# Robustness Study
This notebook contains the work evaluating robustness of the final model. Result and finding are presented in [capstone%20report.ipynb](capstone%20report.ipynb) file.

## Data Preprocessing
Read in the data file and call preprocess to encode and remove outliers.
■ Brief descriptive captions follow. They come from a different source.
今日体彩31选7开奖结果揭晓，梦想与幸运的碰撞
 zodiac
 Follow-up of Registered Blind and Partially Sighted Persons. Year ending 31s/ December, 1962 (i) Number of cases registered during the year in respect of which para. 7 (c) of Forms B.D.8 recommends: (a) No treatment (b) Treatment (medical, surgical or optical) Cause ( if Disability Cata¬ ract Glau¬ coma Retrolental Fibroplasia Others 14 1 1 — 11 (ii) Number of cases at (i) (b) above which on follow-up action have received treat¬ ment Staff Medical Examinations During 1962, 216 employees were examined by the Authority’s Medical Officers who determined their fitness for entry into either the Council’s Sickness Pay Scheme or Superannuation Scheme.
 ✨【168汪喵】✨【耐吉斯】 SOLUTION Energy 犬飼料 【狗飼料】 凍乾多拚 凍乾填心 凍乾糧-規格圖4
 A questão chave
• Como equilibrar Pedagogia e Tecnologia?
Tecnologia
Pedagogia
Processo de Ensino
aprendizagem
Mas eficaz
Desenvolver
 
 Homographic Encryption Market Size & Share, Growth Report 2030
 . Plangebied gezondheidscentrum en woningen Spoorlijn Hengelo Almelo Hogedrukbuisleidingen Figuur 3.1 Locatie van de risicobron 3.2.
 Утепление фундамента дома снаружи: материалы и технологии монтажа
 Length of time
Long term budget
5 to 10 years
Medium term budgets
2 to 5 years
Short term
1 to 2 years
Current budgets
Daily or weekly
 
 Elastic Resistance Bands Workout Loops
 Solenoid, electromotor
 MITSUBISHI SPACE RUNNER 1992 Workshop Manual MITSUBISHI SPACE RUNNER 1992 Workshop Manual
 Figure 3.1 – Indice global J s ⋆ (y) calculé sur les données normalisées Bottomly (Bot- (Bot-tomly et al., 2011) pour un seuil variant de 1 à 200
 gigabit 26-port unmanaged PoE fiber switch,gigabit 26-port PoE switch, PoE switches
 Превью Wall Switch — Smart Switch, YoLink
Display top 10 rows as sample.

In [37]:
import numpy as np
import pandas as pd
import itertools
import matplotlib.pyplot as plt
from pandas.plotting import table
import seaborn as sns
from sklearn.metrics import precision_recall_fscore_support, confusion_matrix, accuracy_score
from sklearn.ensemble import RandomForestClassifier
import random
%matplotlib inline


from preprocess_visuals import *

pd.options.display.max_rows = 160
pd.options.display.max_columns = 200

In [5]:
df = pd.read_csv('data/LoanStats_securev1_2017Q1.csv.zip', skiprows=1, skipfooter=2,
                 engine='python', usecols=get_usecols(), converters=get_conv())

# dummy encode categorical variables and impute missing values
df = preprocess(df)
df = remove_outliers(df)

# Random Seed
Run the final model with various random states in the train-test split and analyze the mean / variance of the results

In [91]:
precisions = []
recalls = []
accuracies = []
f2s = []
s = 30
    
for s in np.arange(s):
    random.seed(s*3)
    ri1 = random.randint(27, 99999)
    # Calculate the training and testing scores of best classifier
    clf = RandomForestClassifier(criterion='entropy', class_weight='balanced', random_state=ri1, 
                                 max_depth=1, max_features=50, n_estimators=10)

    y = df.loan_status
    X = df.drop(columns='loan_status')
    X_train, X_test, y_train, y_test = train_test_split(X, y, test_size=0.5, random_state=ri1)
    clf.fit(X_train, y_train)
    y_predicted = clf.predict(X_test)
    a = round(accuracy_score(y_test, y_predicted), 4)
    p, r, f2, s = precision_recall_fscore_support(y_test, y_predicted, beta=2, average='binary')
    
    precisions.append(p)
    recalls.append(r)
    accuracies.append(a)
    f2s.append(f2)

print("Number of tries:", s)
print("Precision mean: %.3f, std: %.3f " % (np.mean(precisions), np.std(precisions)))
print("Recall mean: %.3f, std: %.3f " % (np.mean(recalls), np.std(recalls)))
print("Accuracy mean: %.3f, std: %.3f " % (np.mean(accuracies), np.std(accuracies)))
print("F2 score mean: %.3f, std: %.3f " % (np.mean(f2s), np.std(f2s)))

print("\nrecalls:", recalls)

    



Number of tries: None
Precision mean: 0.072, std: 0.010 
Recall mean: 0.716, std: 0.117 
Accuracy mean: 0.570, std: 0.109 
F2 score mean: 0.251, std: 0.011 

recalls: [0.4618086040386304, 0.8361233480176211, 0.7918436703483432, 0.7409326424870466, 0.8248730964467005, 0.8307291666666666, 0.7636518771331058, 0.4804421768707483, 0.7602389078498294, 0.8409286328460877, 0.7879558948261238, 0.7523809523809524, 0.8344709897610921, 0.8406445837063563, 0.8063139931740614, 0.7648514851485149, 0.6466552315608919, 0.5849870578084556, 0.49828178694158076, 0.719626168224299, 0.7790697674418605, 0.620353982300885, 0.5924686192468619, 0.517566409597258, 0.6418642681929682, 0.7878535773710482, 0.7662447257383966, 0.8464912280701754, 0.6257408975444538, 0.726649528706084]


In [92]:
from scipy import stats
print('t-statistic = %6.3f pvalue = %6.4e' %  stats.ttest_1samp(recalls, 0.5))

# varify that the samples come from a t-distribution using KS-test:
print('KS-statistic D = %6.3f pvalue = %6.4f' % stats.kstest(recalls, 't', (30,)))

t-statistic =  9.962 pvalue = 7.1916e-11
KS-statistic D =  0.676 pvalue = 0.0000


## Results from T-statistic

The p-value indicates the probablity that the classifier recall is the same as the naive classifier's recall.
Since the sample mean is 7.1916e-11, and it is less than alpha=0.05, we can reject the null hypothesis, and accept the alternative that classifier recall mean is higher.

The Kolmogovov-Smirnoff test pvalue < 0.05 indicates that the recall means form a t-distribution with 30 degrees of freedom.